And there we have it! Note that we clone the signal before
passing it to the transform:

```python
output = transform(signal.clone(), **kwargs)
```

This is because **signals are changed in-place** by transforms. So you should `clone` the signal before passing it through, if you expect to use the original signal at some point.

Finally, the `keys` attribute of the transform tells you what arguments the transform expects when you run it. For our current transform it's:

```{code-cell} ipython3
print(transform.keys)
```

We see that `cutoff` is expected, and also `mask`. Alright, now we'll explain what that `mask` thing is.

### Masks

Every time you `instantiate` a transform, two things happen:

1. The transforms `_instantiate` is called, initializing the parameters for the transforms (e.g. `cutoff`).
2. The `instantiate` logic in `BaseTransform` is called as well.

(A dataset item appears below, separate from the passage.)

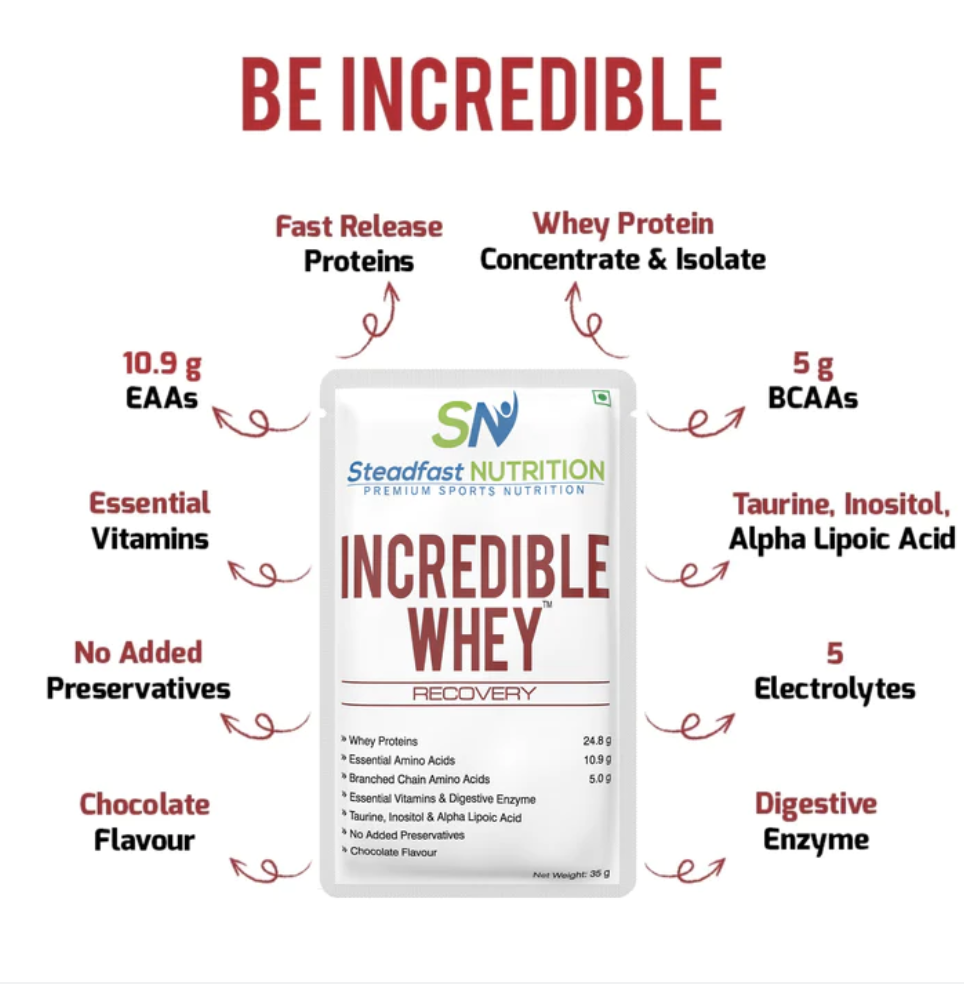 Most Premium Whey Protein Concentrate - Incredible Whey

That logic draws a random number and compares to `transform.prob` to see whether or not the transform should be applied. `prob` is the probability that the transform is applied. It defaults to `1.0` for all transforms. It gets added to the dictionary returned by `instantiate` here:

```python
def instantiate(
    self,
    state: RandomState,
    signal: AudioSignal = None,
):
    ...
    mask = state.rand() <= self.prob
    params[f"mask"] = tt(mask)
    ...
```

Let's set `prob` to `0.5` for our transform, and listen to a few examples, showing the mask along the way:

```{code-cell} ipython3
transform = tfm.LowPass(prob=0.5)
audio_dict = defaultdict(lambda: {})
audio_dict["original"] = {
    "signal": signal,
    "LowPass.cutoff": None,
    "LowPass.mask": None,
}

for seed in range(3):
    kwargs = transform.instantiate(seed)
    output = transform(signal.clone(), **kwargs)

    kwargs = flatten(kwargs)
    for k, v in kwargs.items():
        if isinstance(v, torch.Tensor):
            key = ".".join(list(k[-2:]))
            audio_dict[seed][key] = v.item()
    audio_dict[seed]["signal"] = output

post.disp(audio_dict, first_column="seed")
```

The rows where `mask` is `False` have audio that is identical to the
original audio (shown in the top row). Where `mask` is `True`, the transform is applied, as in the last row. The real power of masking comes when you combine it with batching.

### Batching

Let's make a batch of AudioSignals using the `AudioSignal.batch` function. We'll set the batch size to 4:

```{code-cell} ipython3
audio_path = "../../tests/audio/spk/f10_script4_produced.wav"
batch_size = 4
signal = AudioSignal(audio_path, offset=6, duration=5)
signal_batch = AudioSignal.batch([signal.clone() for _ in range(batch_size)])
```

Now that we have a batch of signals, let's instantiate a batch of parameters
for the transforms using the `batch_instantiate` function:

```{code-cell} ipython3
transform = tfm.LowPass(prob=0.5)
seeds = range(batch_size)
kwargs = transform.batch_instantiate(seeds)
pp.pprint(kwargs)
```

There are now 4 cutoffs, and 4 mask values in the dictionary, instead of just 1 as before. Under the hood, the `batch_instantiate` function calls `instantiate` with every `seed` in `seeds`, and then collates the results using the `audiotools.util.collate` function. In practice, you'll likely use `audiotools.datasets.AudioDataset` instead to get a single item at a time, and then use the `collate` function as an argument to the torch `DataLoader`'s `collate_fn` argument.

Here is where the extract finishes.